The Flinders Ranges is one of those special places that keeps drawing us back time and time again.

The ancient and rugged landscape is steeped with history and remnants of the past remain scattered throughout the picturesque landscape.

There is so much for every type of traveller to keep them occupied for days, if not weeks on end. Whether it is the breathtaking vistas, strenuous hikes, historical tours, scenic drives, relaxing strolls, divine dining or simply kicking back around the campfire and soaking in the 5 billion stars above you, the Flinders region really does have something for everyone.

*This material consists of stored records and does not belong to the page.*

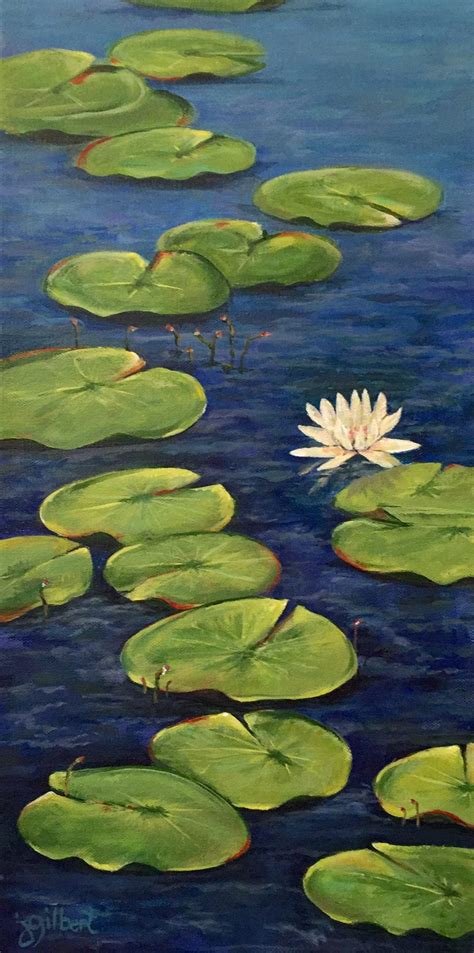 Lily Pad Painting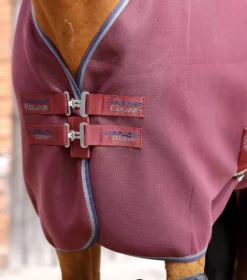 Premier Equine Airflow Cooler Rug -Exquisite Equestrian Equipment Store airflow cooler rug burgundy 3 4 jpg
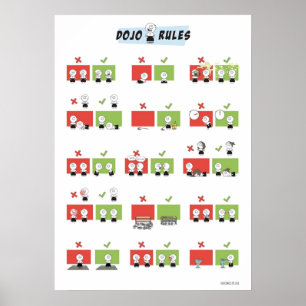 Poster Aikido Dojo Rules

It is hard to choose a only 5 things we love about the Flinders but we tried;

  1. Blinman; The historic mining town is situated in the Northern Flinders. A quaint historical township with a gorgeous stone pub, an underground copper mine and abandoned ruins. Our highlights included a stroll through the historic cemetery and the side-trip out to Nuccaleena mine.
  2. Quorn: The historic town began as a railway town and is now the home of the Pichi Richi Railway. A quaint town with beautiful stone buildings and welcoming locals stepping foot in Quorn is like stepping back in time. We loved the ride on the Pichi Richi, the railway workshop tour and exploring the streets of Quorn.
  3. Parachilna: From Blinman, a scenic drive to the West through spectacular Parachilna Gorge brings you to the famous Prairie Hotel. This outback pub maintains it historic exterior while
  4. Bunyeroo & Brachina Gorges: Oh my vista! The drive that winds it’s way through the Bunyeroo and Brachina Gorges are nothing short of spectacular. Photographs simply don’t do it justice!
  5. Moralana Scenic Drive;  hugs the outer wall of Wilpena Pound and the colourful bluffs of the Elder Range! A great stop along the way is Black Gap!

 

There is so much to enjoy and explore in the Flinders – a top 5 simply doesn’t cut the mustard.

Have you been? What are your favourite places to visit?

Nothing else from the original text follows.